The Fed retreats from the repo market: A catalyst to DXY Rally?
According to the news published on Financial Times; The Federal Reserve is accelerating the pace of its withdrawal from short-term funding markets, even as investors’ demand for the central bank’s cash remains elevated.
The New York arm of the Fed announced on Thursday that it will further cut the size of its interventions in the repo market, where investors exchange high-quality collateral such as Treasuries for cash. It is the latest step in its attempt to wean investors off the funding it has provided since short-term borrowing costs spiked in September.
The new plan reduces the maximum amount the Fed will lend overnight each day from $120bn to $100bn — a change that will kick in on Friday.

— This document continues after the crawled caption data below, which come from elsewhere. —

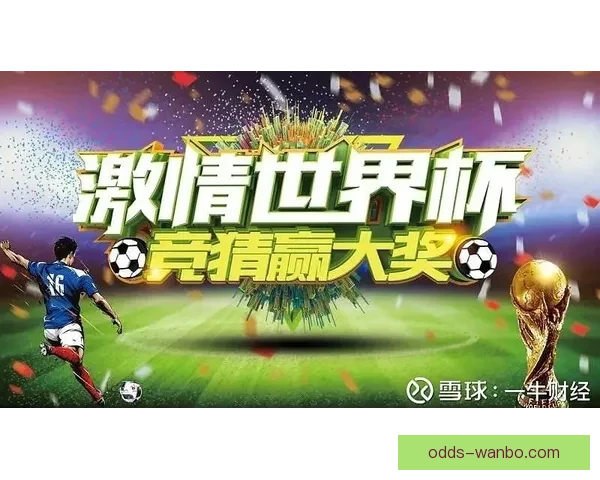 世界杯竞猜平台选择指南推荐最靠谱平台助你赢取大奖
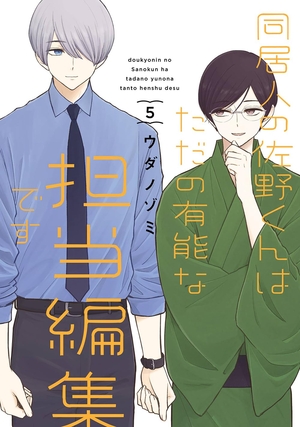 同居人の佐野くんはただの有能な担当編集です 5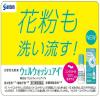 「ウェルウォッシュ アイa 10ml×2本 参天製薬  防腐剤無添加  洗眼薬 目洗い 目の不快感【第3類医薬品】」の商品サムネイル画像3枚目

Moreover, the Fed will limit the amount it will lend in the form of two-week loans to $25bn as of Tuesday, from its current $30bn offering, and pare that amount even further in early March. At that point, the Fed will lend a maximum of $20bn on a two-week basis.
Mr Powell said this week in testimony to Congress that he expects the amount of bank reserves — or cash held at the central bank — to return later this year to a level sufficient to avoid a repeat of September’s cash crunch. It is widely thought that the repo market went haywire five months ago because reserves had dropped too low and banks were holding back from short-term lending.
The Fed has been buying $60bn of short-dated Treasury bills each month to increase the amount of cash in the system, and therefore reserves. Banks currently hold $1.58tn in reserves at the Fed — up from $1.3tn in September.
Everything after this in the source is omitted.